[Work request]:
Set down the data below in full, exactly as it reads, but without the pictures.

[The data]:
= = = = =

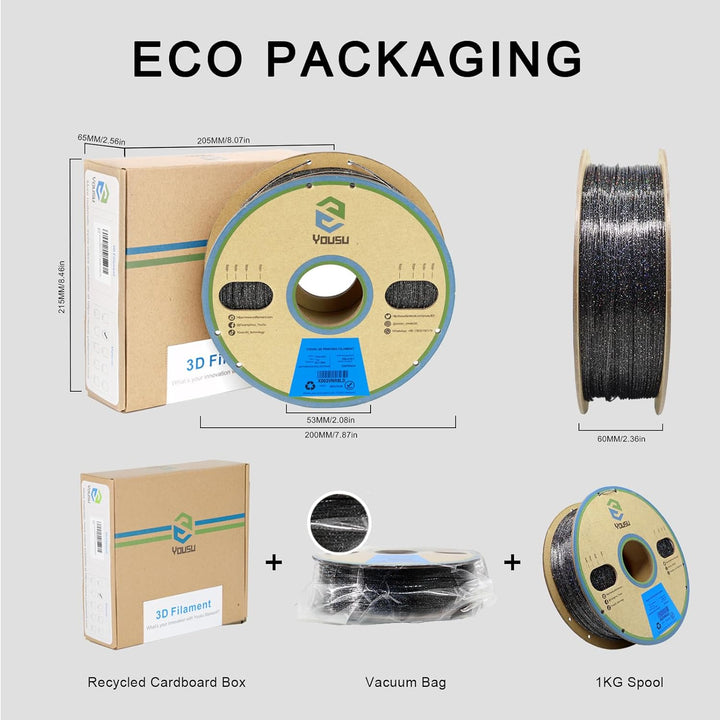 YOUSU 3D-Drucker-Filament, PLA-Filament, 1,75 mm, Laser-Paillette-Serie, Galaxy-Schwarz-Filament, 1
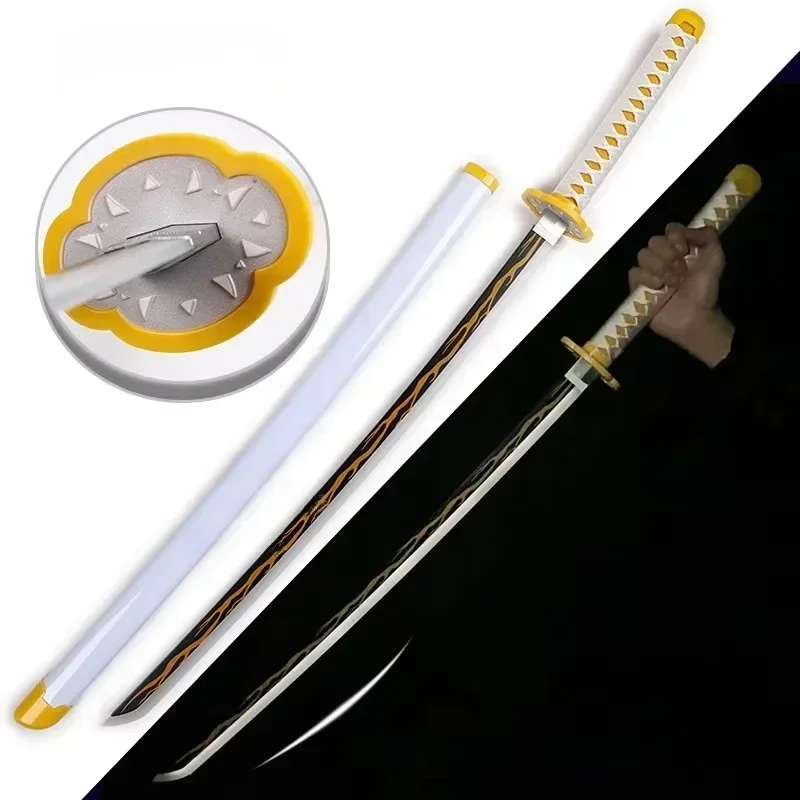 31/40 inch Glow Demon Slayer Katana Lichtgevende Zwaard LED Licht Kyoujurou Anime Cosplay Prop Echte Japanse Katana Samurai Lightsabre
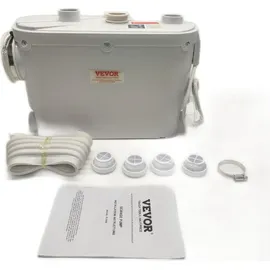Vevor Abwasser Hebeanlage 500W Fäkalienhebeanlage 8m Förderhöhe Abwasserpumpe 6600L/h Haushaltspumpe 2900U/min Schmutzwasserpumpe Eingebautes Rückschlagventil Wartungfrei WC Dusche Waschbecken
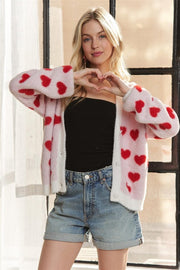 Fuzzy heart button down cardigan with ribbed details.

= = = = =

[Output below]:
 YOUSU 3D-Drucker-Filament, PLA-Filament, 1,75 mm, Laser-Paillette-Serie, Galaxy-Schwarz-Filament, 1
 31/40 inch Glow Demon Slayer Katana Lichtgevende Zwaard LED Licht Kyoujurou Anime Cosplay Prop Echte Japanse Katana Samurai Lightsabre
Vevor Abwasser Hebeanlage 500W Fäkalienhebeanlage 8m Förderhöhe Abwasserpumpe 6600L/h Haushaltspumpe 2900U/min Schmutzwasserpumpe Eingebautes Rückschlagventil Wartungfrei WC Dusche Waschbecken
 Fuzzy heart button down cardigan with ribbed details.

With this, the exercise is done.